▶ _THE TASK_
From the records below, please repeat exactly the line that has "7.5 ft Lighted", the line that has "Молдинги на двери", and every line between them, and nothing else.

▶ _EXERCISE DATA_
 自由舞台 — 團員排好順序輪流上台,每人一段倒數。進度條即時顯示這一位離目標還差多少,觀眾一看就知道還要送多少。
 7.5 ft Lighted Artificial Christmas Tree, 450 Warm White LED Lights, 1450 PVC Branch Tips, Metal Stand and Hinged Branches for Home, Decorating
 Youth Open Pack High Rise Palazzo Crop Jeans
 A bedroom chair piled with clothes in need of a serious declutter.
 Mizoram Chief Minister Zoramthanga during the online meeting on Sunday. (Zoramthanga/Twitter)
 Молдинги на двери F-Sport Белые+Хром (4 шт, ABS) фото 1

* * *

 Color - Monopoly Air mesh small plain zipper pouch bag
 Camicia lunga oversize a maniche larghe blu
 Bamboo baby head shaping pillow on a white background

==

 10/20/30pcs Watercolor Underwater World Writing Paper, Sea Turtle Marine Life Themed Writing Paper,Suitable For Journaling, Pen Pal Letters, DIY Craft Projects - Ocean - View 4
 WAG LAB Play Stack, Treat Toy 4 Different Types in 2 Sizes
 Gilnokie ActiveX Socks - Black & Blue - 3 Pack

▶ _RESULT OF THIS TASK_
 7.5 ft Lighted Artificial Christmas Tree, 450 Warm White LED Lights, 1450 PVC Branch Tips, Metal Stand and Hinged Branches for Home, Decorating
 Youth Open Pack High Rise Palazzo Crop Jeans
 A bedroom chair piled with clothes in need of a serious declutter.
 Mizoram Chief Minister Zoramthanga during the online meeting on Sunday. (Zoramthanga/Twitter)
 Молдинги на двери F-Sport Белые+Хром (4 шт, ABS) фото 1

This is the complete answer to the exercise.